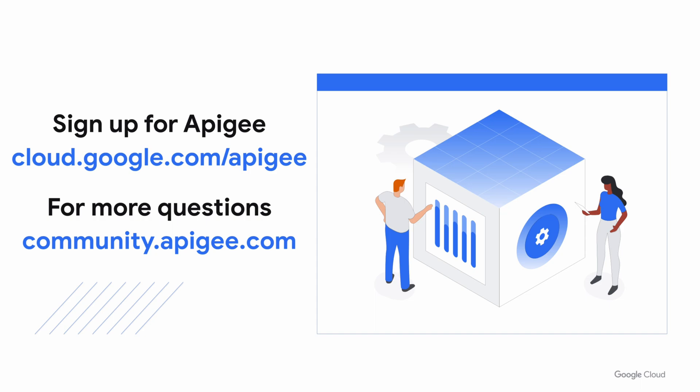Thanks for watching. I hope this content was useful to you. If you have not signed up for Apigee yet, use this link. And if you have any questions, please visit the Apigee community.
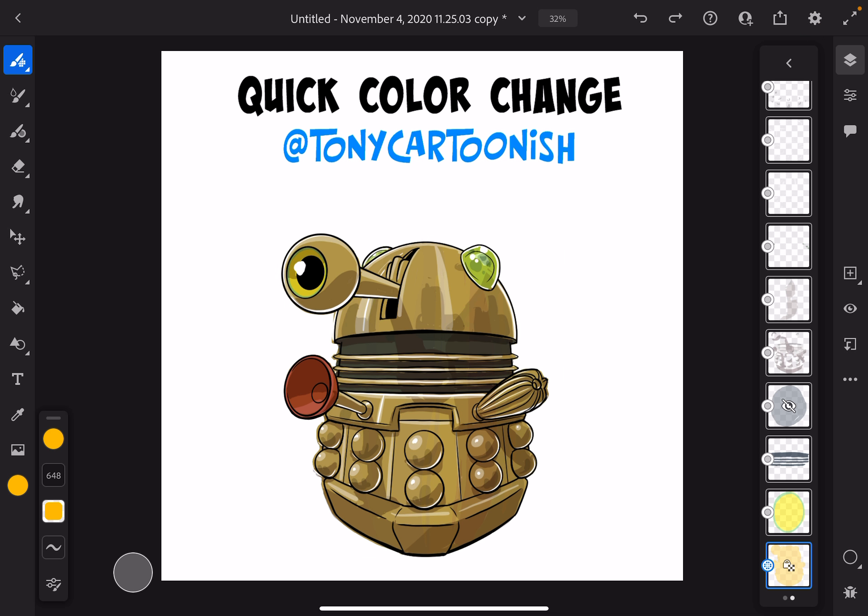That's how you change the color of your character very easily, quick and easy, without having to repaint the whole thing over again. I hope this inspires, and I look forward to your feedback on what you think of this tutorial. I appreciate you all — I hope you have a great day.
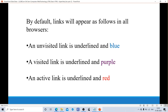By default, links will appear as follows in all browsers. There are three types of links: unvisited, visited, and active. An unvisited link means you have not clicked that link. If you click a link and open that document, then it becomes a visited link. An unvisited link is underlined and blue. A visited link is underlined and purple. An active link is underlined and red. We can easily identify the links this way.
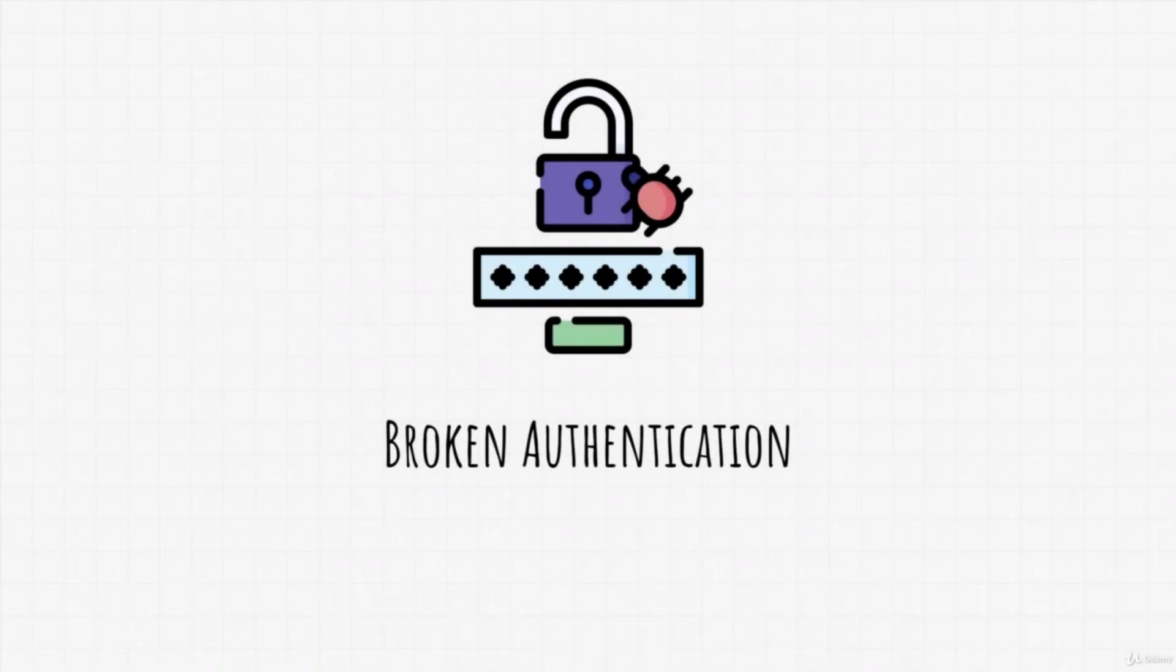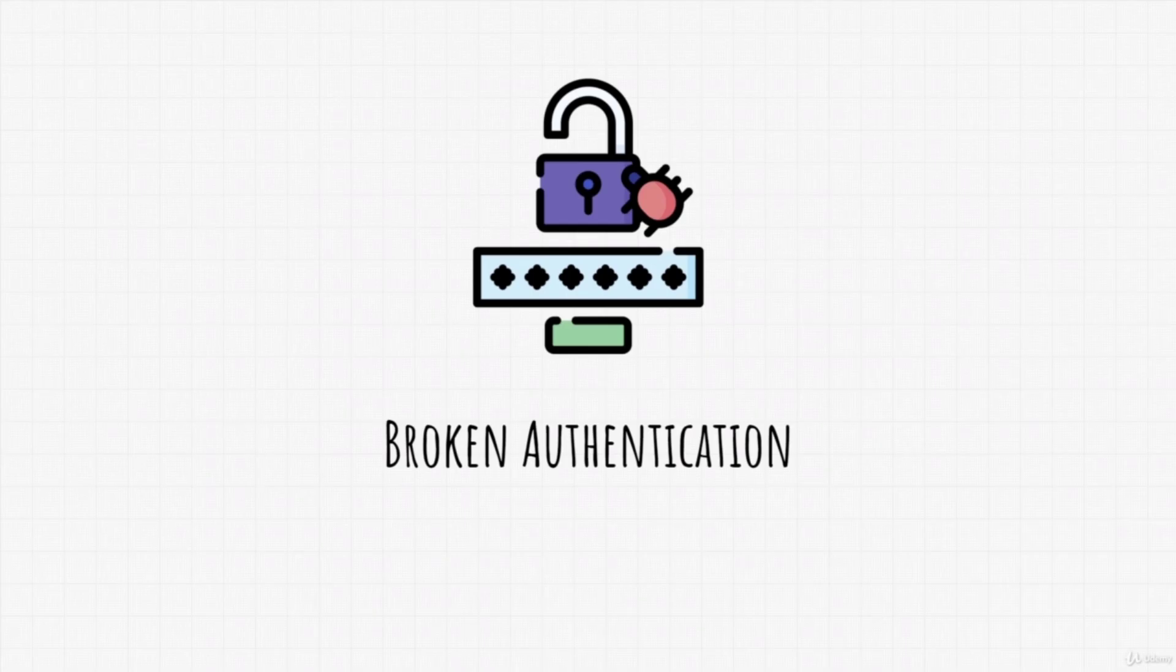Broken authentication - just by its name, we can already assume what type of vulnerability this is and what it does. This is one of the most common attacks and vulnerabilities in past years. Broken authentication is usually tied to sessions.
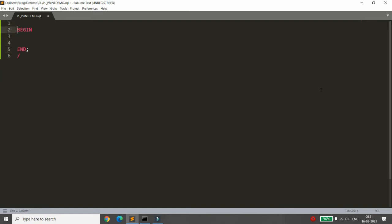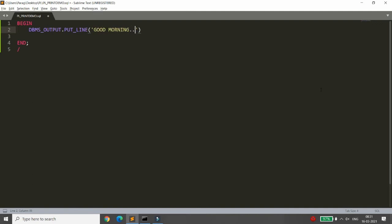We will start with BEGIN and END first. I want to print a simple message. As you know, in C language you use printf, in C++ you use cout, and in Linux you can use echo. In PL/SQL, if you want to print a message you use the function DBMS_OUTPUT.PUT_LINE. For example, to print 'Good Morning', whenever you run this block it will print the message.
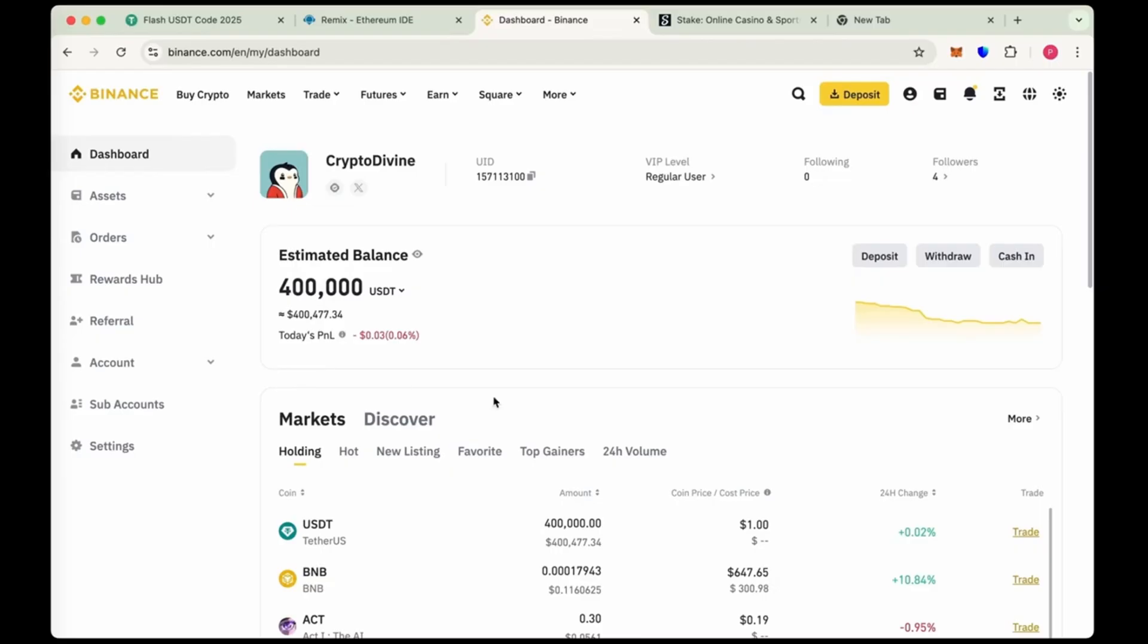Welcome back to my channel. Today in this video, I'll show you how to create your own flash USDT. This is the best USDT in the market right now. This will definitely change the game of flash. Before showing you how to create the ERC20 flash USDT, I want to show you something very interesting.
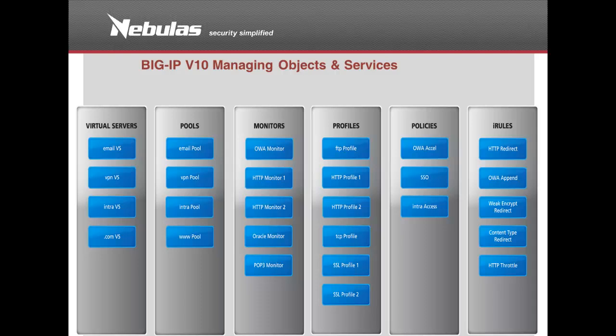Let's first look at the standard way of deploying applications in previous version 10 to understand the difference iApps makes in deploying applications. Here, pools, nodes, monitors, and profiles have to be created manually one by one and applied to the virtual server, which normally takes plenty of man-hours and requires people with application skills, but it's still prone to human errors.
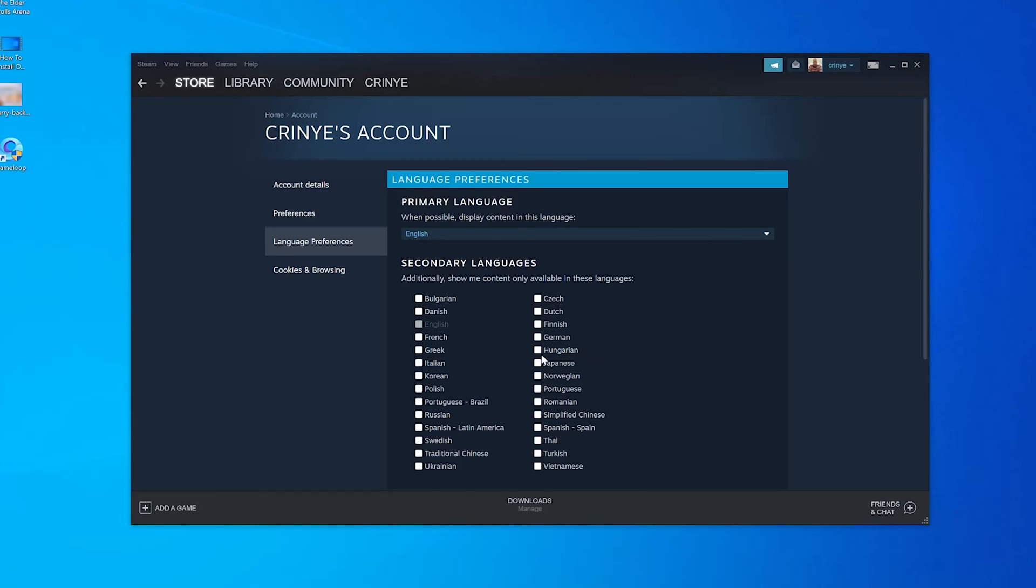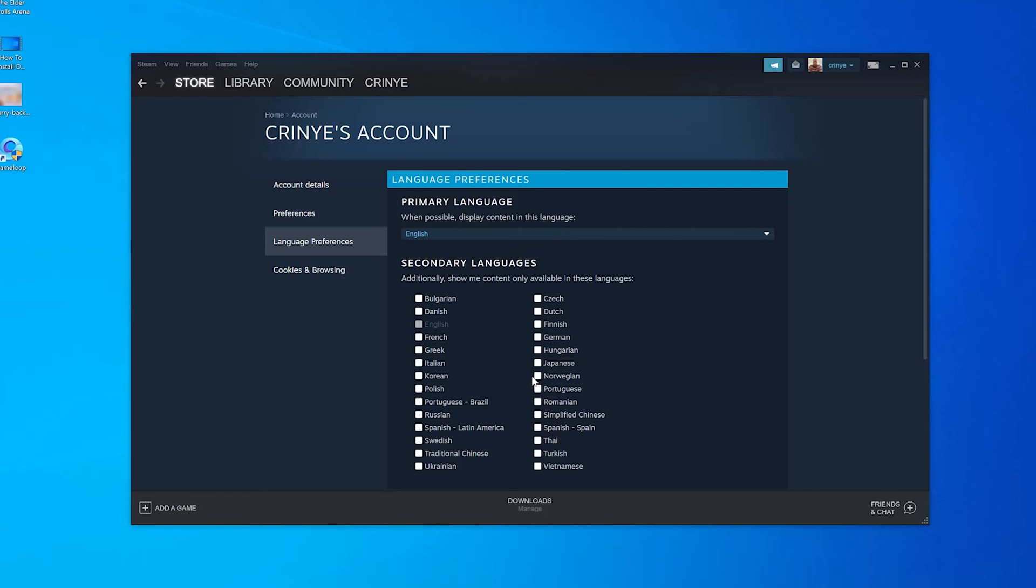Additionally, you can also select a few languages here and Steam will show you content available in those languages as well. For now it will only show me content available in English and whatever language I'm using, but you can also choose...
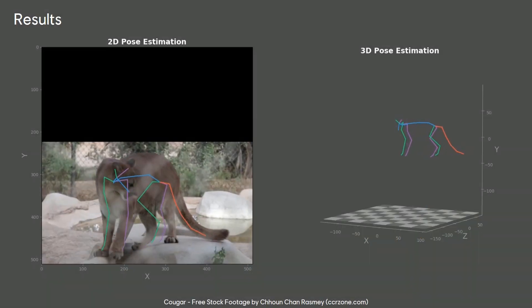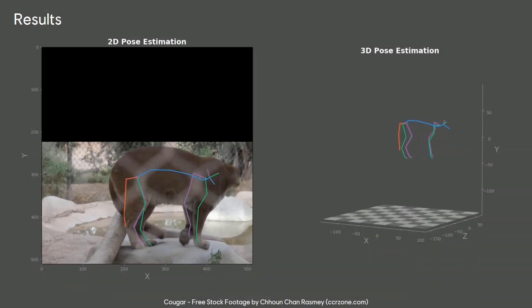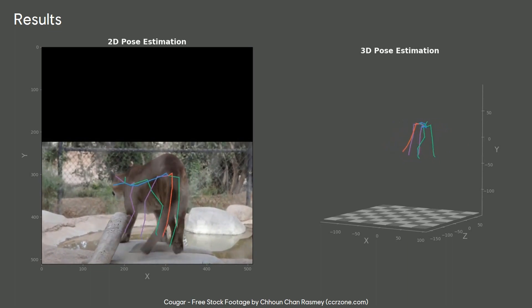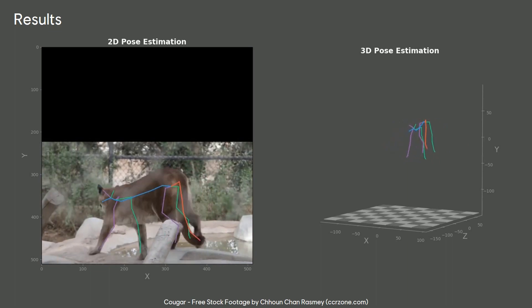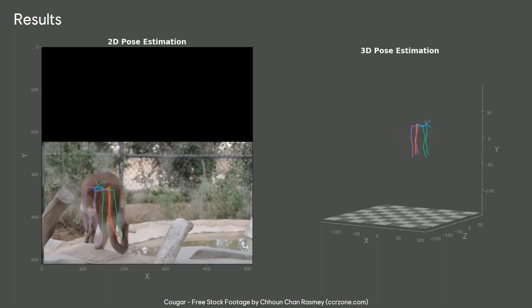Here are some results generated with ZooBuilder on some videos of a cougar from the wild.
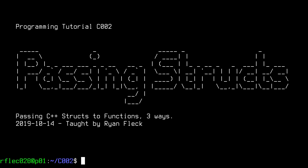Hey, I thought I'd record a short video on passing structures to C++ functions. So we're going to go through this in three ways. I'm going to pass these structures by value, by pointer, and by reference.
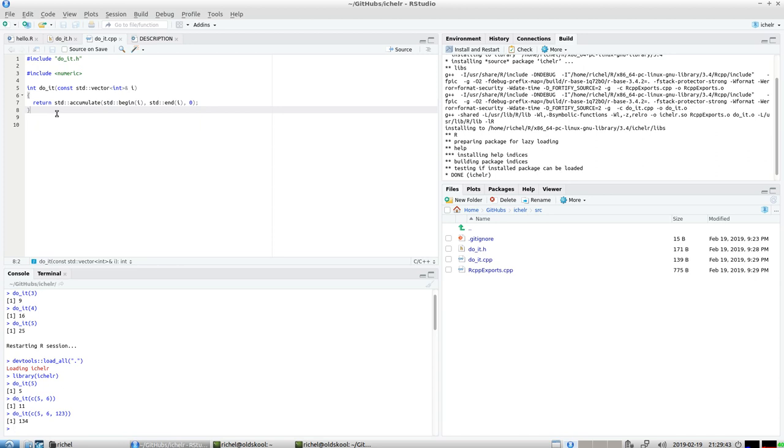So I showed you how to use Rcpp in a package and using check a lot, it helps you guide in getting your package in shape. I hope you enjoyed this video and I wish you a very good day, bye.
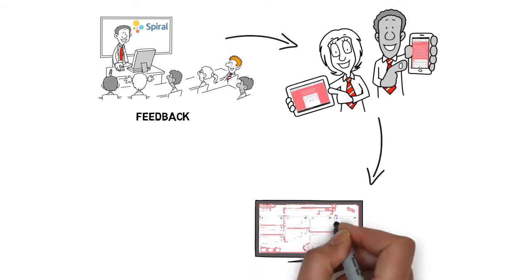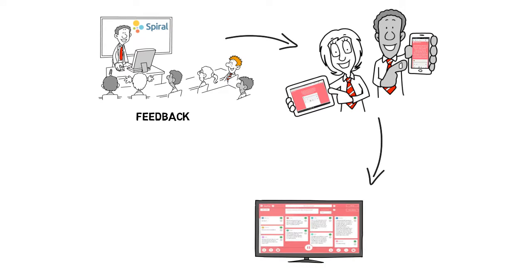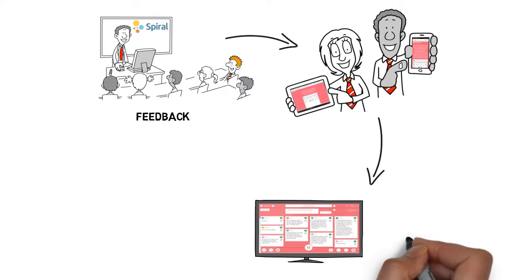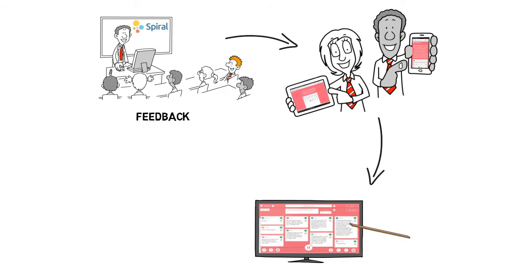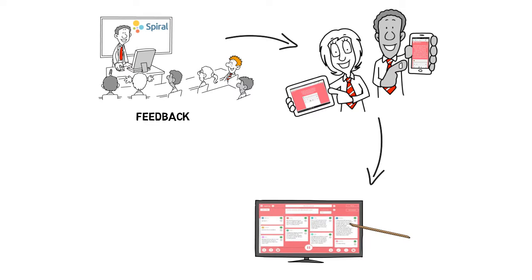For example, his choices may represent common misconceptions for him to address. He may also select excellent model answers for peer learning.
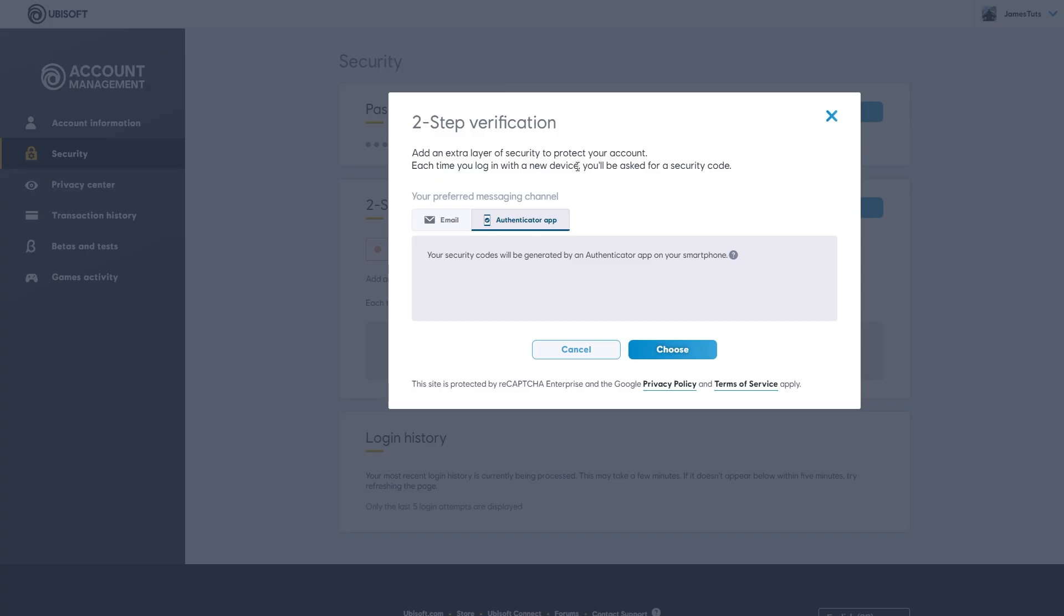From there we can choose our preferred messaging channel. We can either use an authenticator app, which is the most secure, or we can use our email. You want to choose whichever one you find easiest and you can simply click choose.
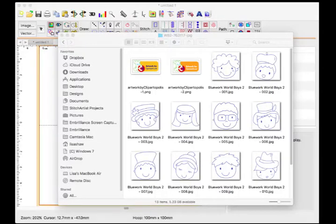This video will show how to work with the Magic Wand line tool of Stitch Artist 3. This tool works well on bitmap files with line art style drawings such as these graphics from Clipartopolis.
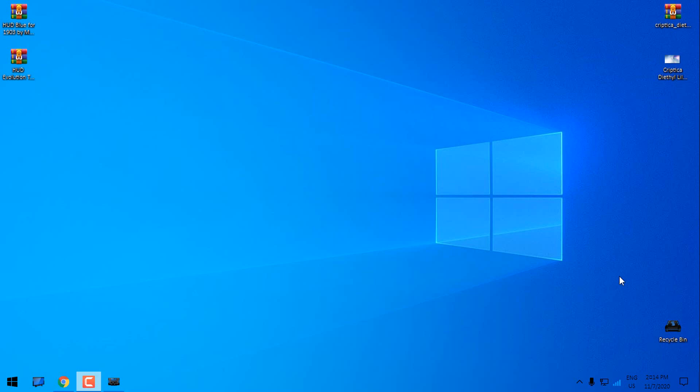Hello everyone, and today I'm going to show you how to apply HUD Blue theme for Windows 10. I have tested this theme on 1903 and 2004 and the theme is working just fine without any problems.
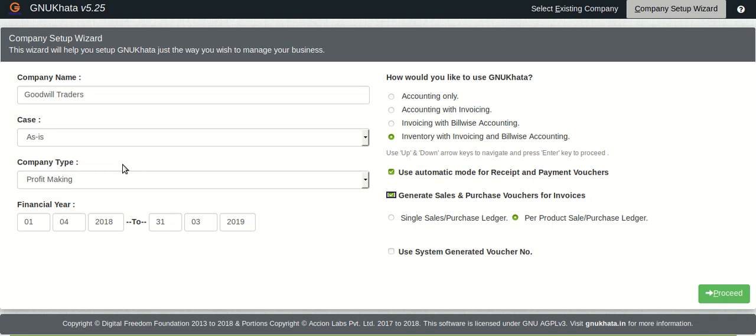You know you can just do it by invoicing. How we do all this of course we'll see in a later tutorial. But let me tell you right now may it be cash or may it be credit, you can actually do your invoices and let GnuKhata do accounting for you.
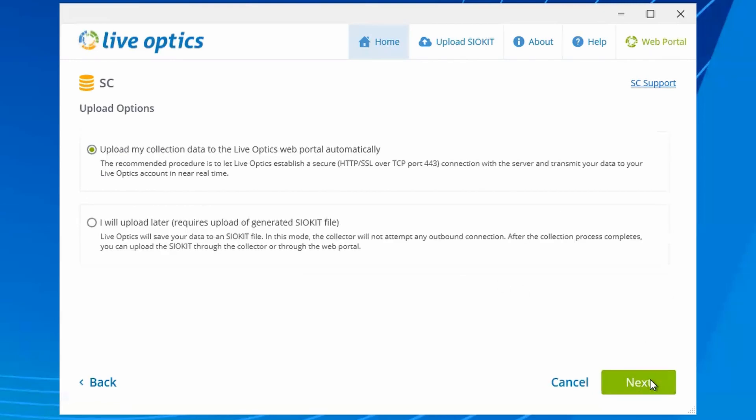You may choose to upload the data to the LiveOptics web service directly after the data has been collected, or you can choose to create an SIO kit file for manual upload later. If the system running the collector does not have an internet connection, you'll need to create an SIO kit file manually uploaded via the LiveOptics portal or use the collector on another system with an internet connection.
____
Exercise
Would you output the lines above from the line holding "This video will" up to and including the line holding "Hello everyone, and", exactly and only those, with no pictures?

Answer section
This video will show how to work with the Magic Wand line tool of Stitch Artist 3. This tool works well on bitmap files with line art style drawings such as these graphics from Clipartopolis.
Hello everyone, and today I'm going to show you how to apply HUD Blue theme for Windows 10. I have tested this theme on 1903 and 2004 and the theme is working just fine without any problems.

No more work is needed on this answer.